> [Task requirements]: Repeat verbatim, and only, the lines of the data below, beginning at the line that contains "kitchen featuring an" and stopping after the line that contains "isolated background. Chinese".

> [Input records]:
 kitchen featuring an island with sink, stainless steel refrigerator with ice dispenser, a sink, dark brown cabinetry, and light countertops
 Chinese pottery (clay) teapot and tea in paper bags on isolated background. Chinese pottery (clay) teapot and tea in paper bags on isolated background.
--
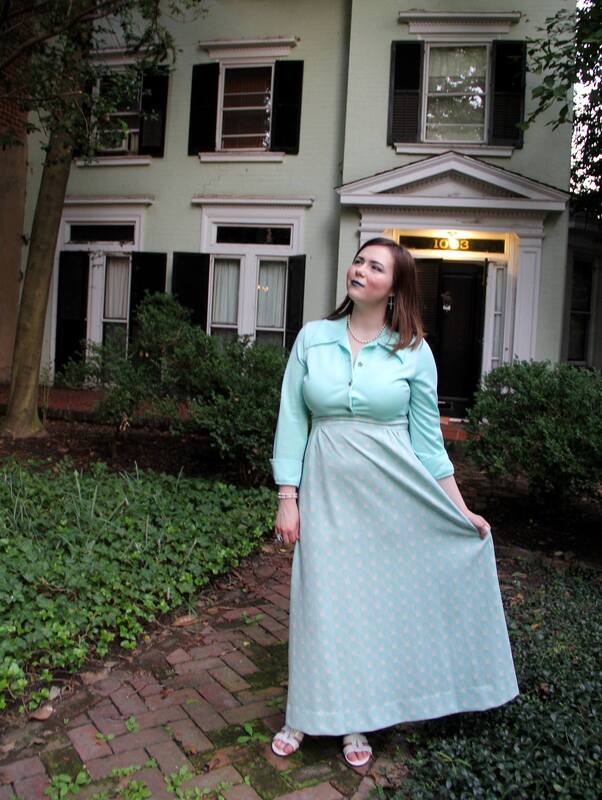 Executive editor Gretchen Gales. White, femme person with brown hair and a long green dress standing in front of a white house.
...
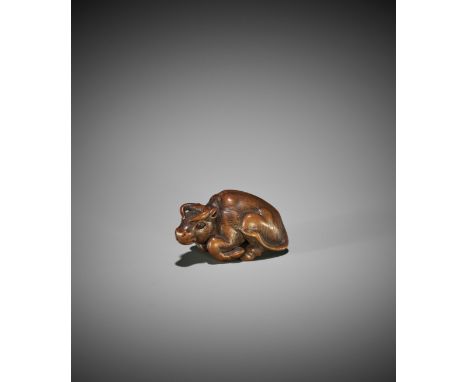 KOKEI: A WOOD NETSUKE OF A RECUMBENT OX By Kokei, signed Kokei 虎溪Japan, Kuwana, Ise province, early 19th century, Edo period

> [Written solution]:
 kitchen featuring an island with sink, stainless steel refrigerator with ice dispenser, a sink, dark brown cabinetry, and light countertops
 Chinese pottery (clay) teapot and tea in paper bags on isolated background. Chinese pottery (clay) teapot and tea in paper bags on isolated background.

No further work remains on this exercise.